## ASSIGNMENT
Exact copies of all the lines below are wanted, without a single picture.

** Opening DATA PROVIDED block **

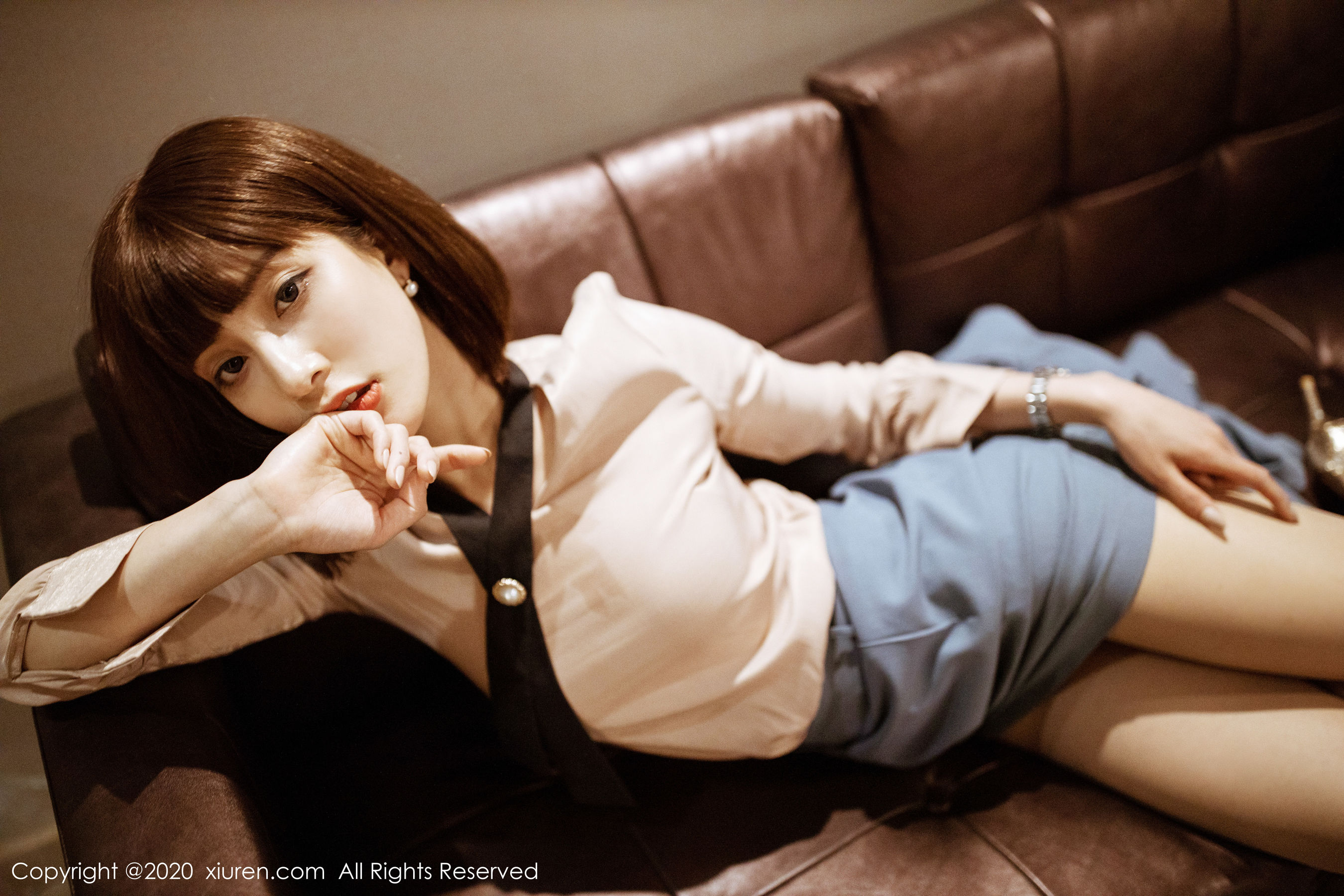 [秀人XiuRen] No.2130 林文文yooki《西装秘书OL主题系列》 写真集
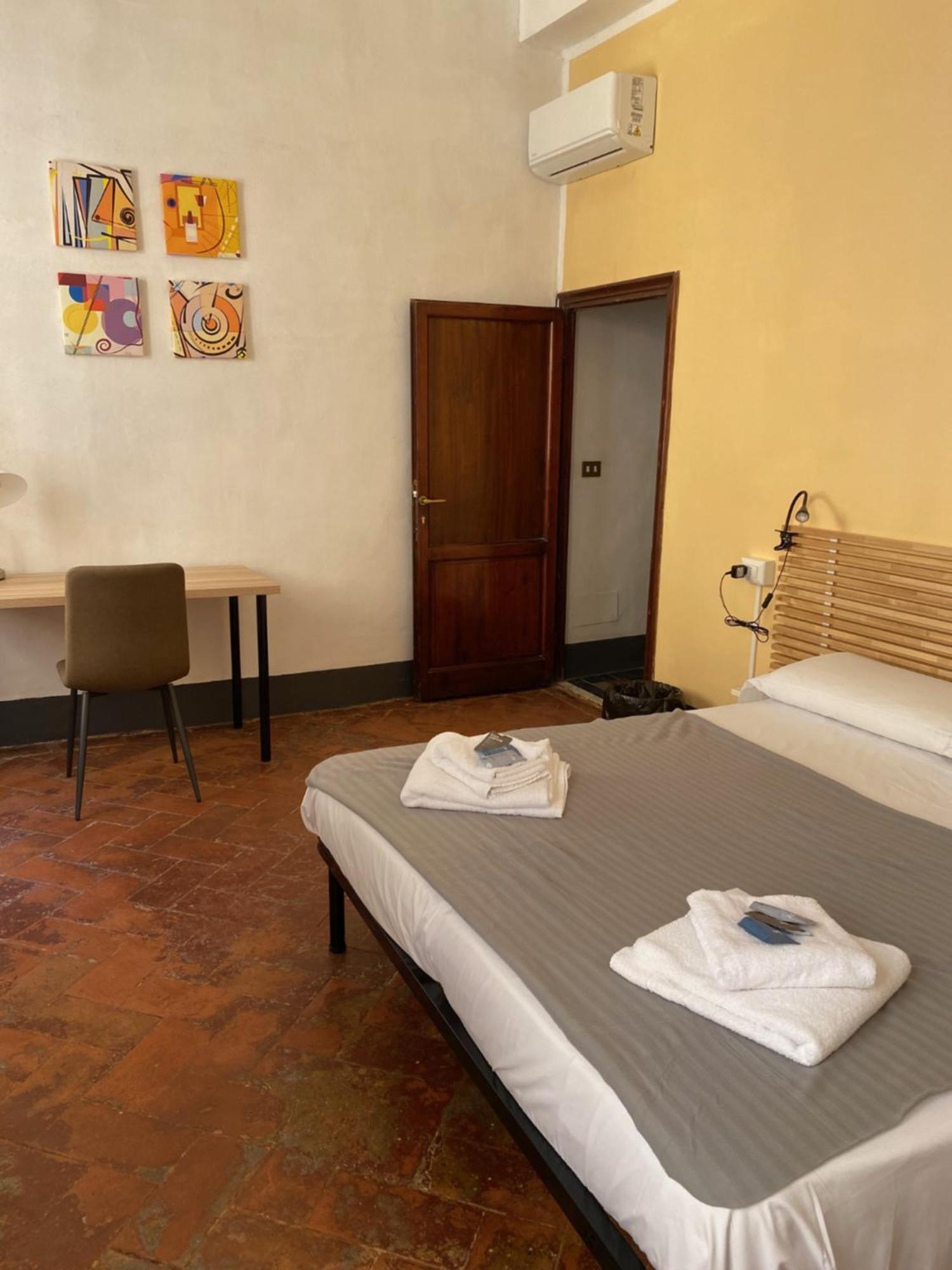 Da I' Gini Guesthouse Firenze Esterno foto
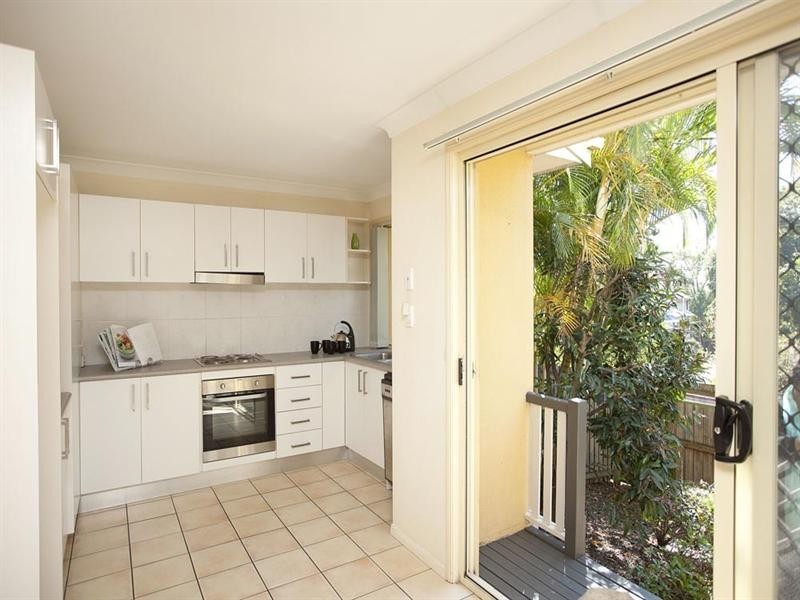 2/21 Richmond Road, Morningside QLD 4170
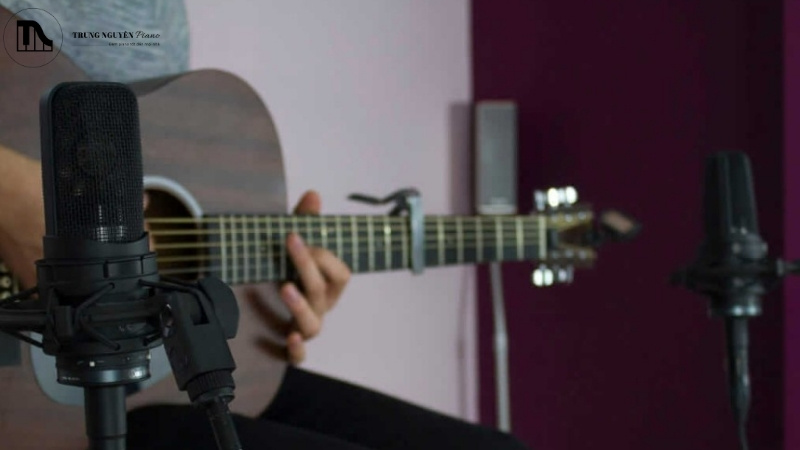 Vị trí đặt micro tốt nhất cho đàn guitar acoustic và lỗi cần tránh 4 Kỹ thuật đặt micro đôi cho guitar acoustic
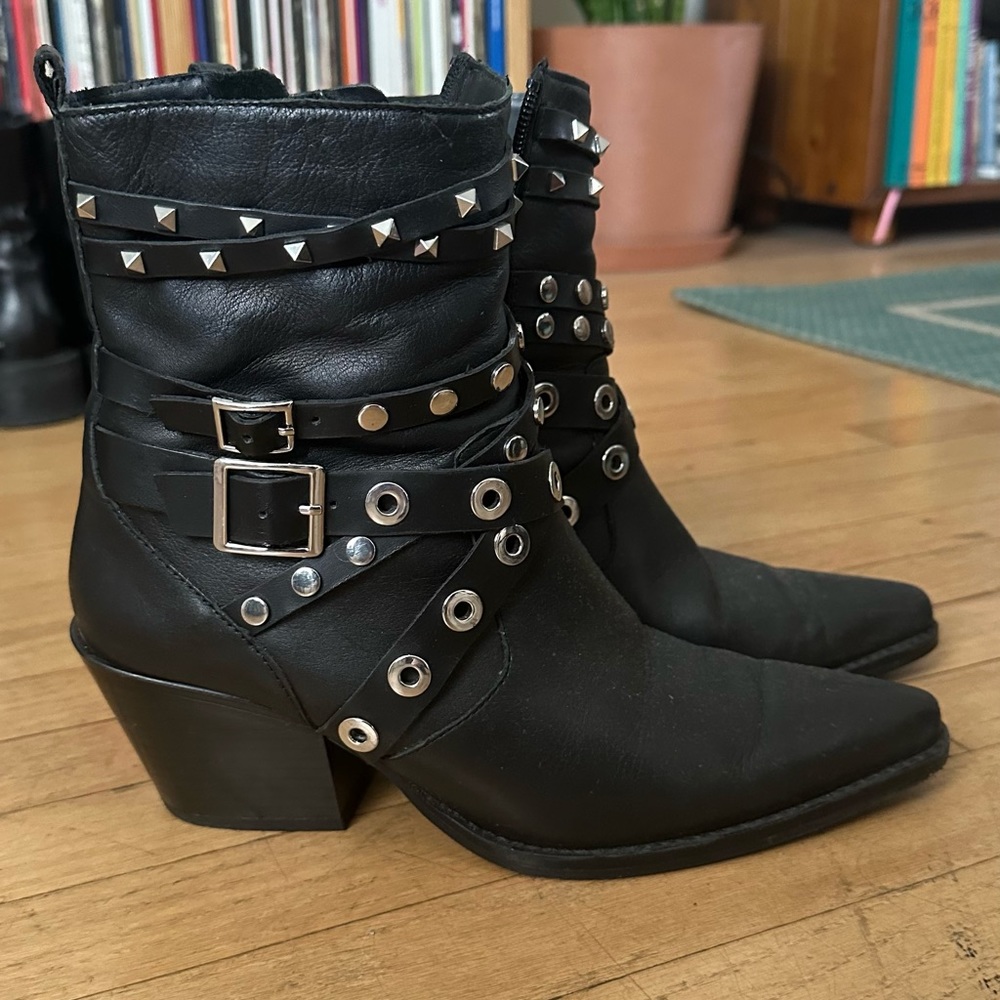 Zara Studded Buckle boots - size 38/8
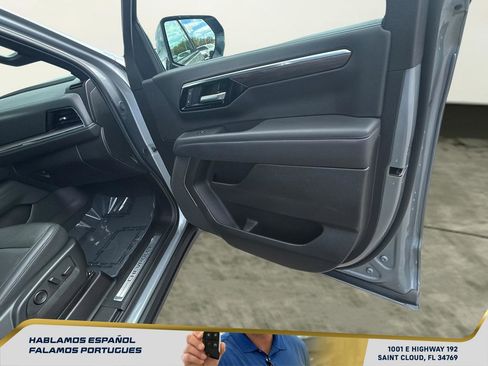 Used 2025 Chevrolet Suburban Z71 image 35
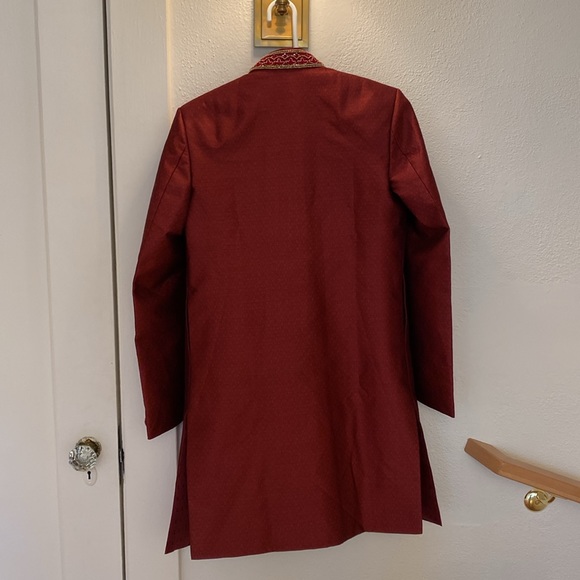 “Spring Break” Maroon Jacquard Embroidered Sherwani Set | Size XS - Picture 3 of 7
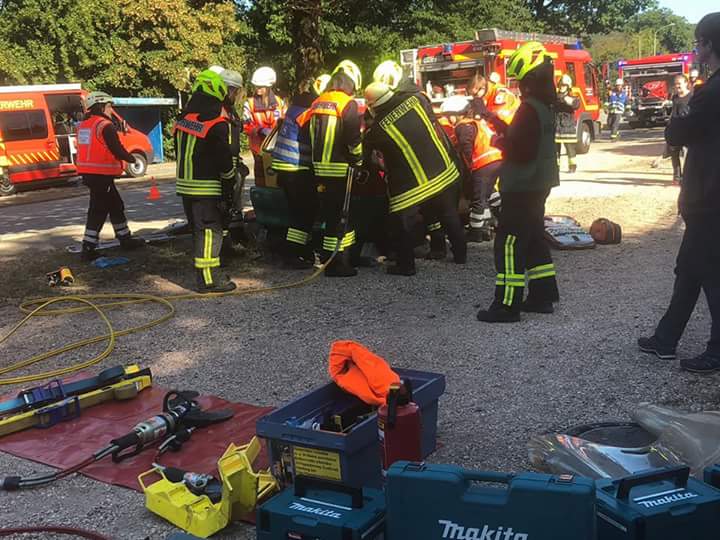 Datei:Einsatzuebung TH VU mit DRK und LB Osterbruecken 20180819 2.jpg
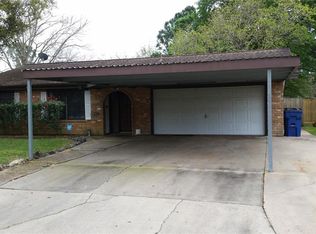 808 N Plantation Dr, Angleton, TX 77515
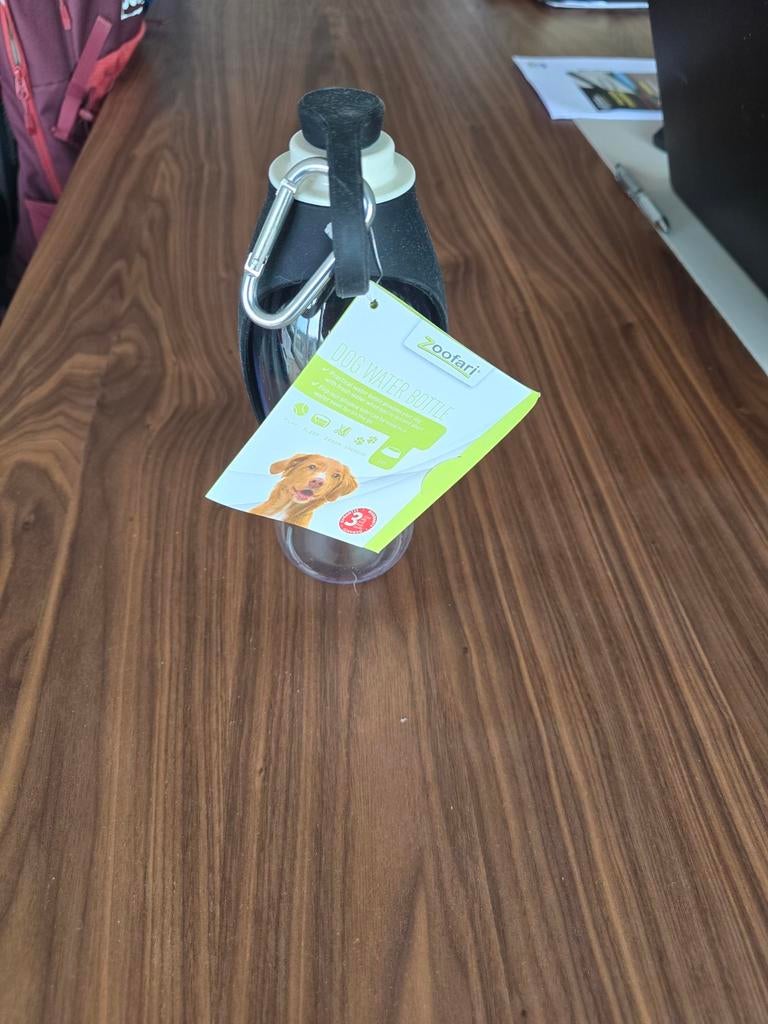 Waterfles voor hond, Ophalen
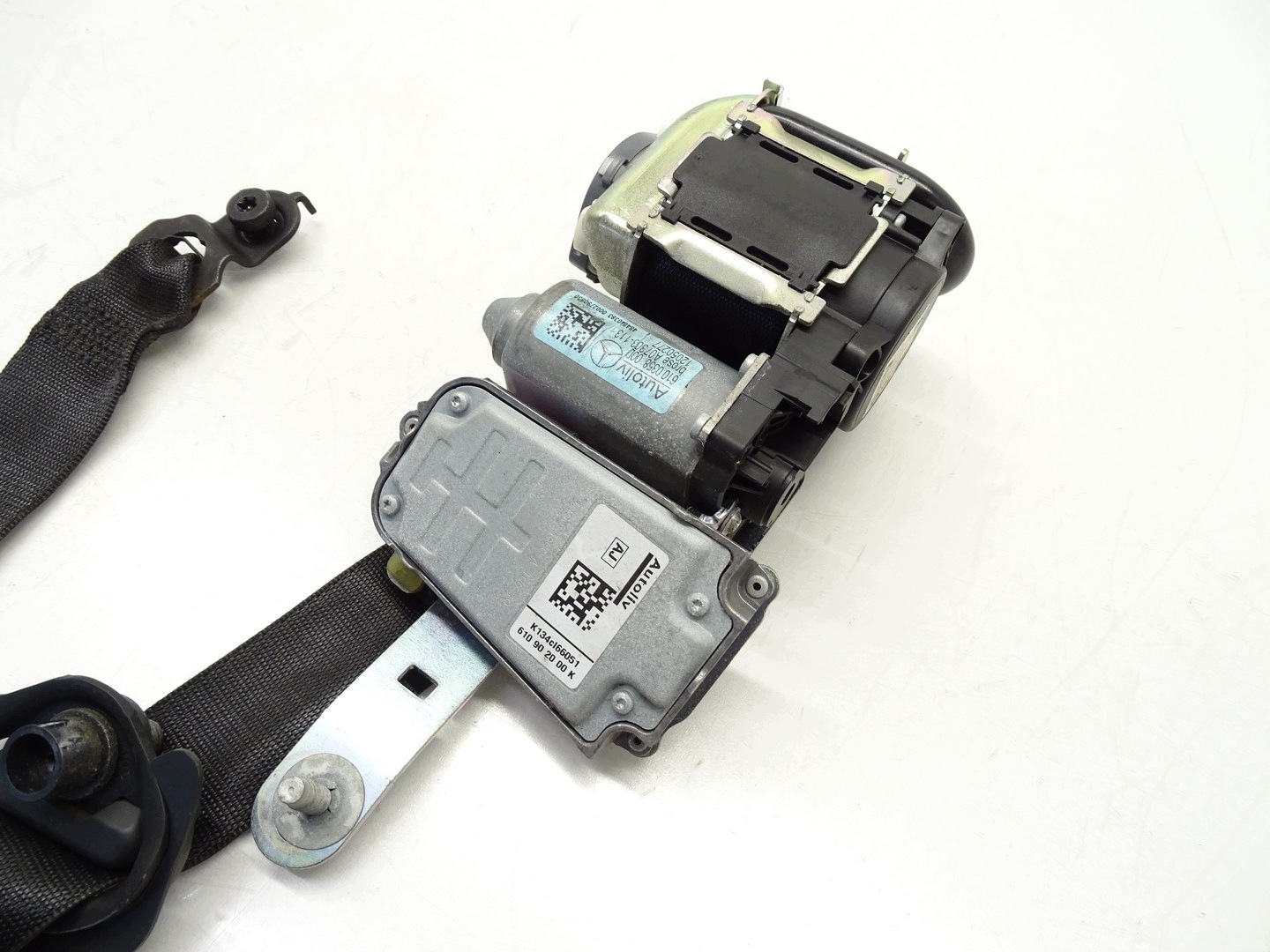 tension belt safety right front front MERCEDES W204 A2048602686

** Closing DATA PROVIDED block **

## EXERCISE RESULT
 [秀人XiuRen] No.2130 林文文yooki《西装秘书OL主题系列》 写真集
 Da I' Gini Guesthouse Firenze Esterno foto
 2/21 Richmond Road, Morningside QLD 4170
 Vị trí đặt micro tốt nhất cho đàn guitar acoustic và lỗi cần tránh 4 Kỹ thuật đặt micro đôi cho guitar acoustic
 Zara Studded Buckle boots - size 38/8
 Used 2025 Chevrolet Suburban Z71 image 35
 “Spring Break” Maroon Jacquard Embroidered Sherwani Set | Size XS - Picture 3 of 7
 Datei:Einsatzuebung TH VU mit DRK und LB Osterbruecken 20180819 2.jpg
 808 N Plantation Dr, Angleton, TX 77515
 Waterfles voor hond, Ophalen
 tension belt safety right front front MERCEDES W204 A2048602686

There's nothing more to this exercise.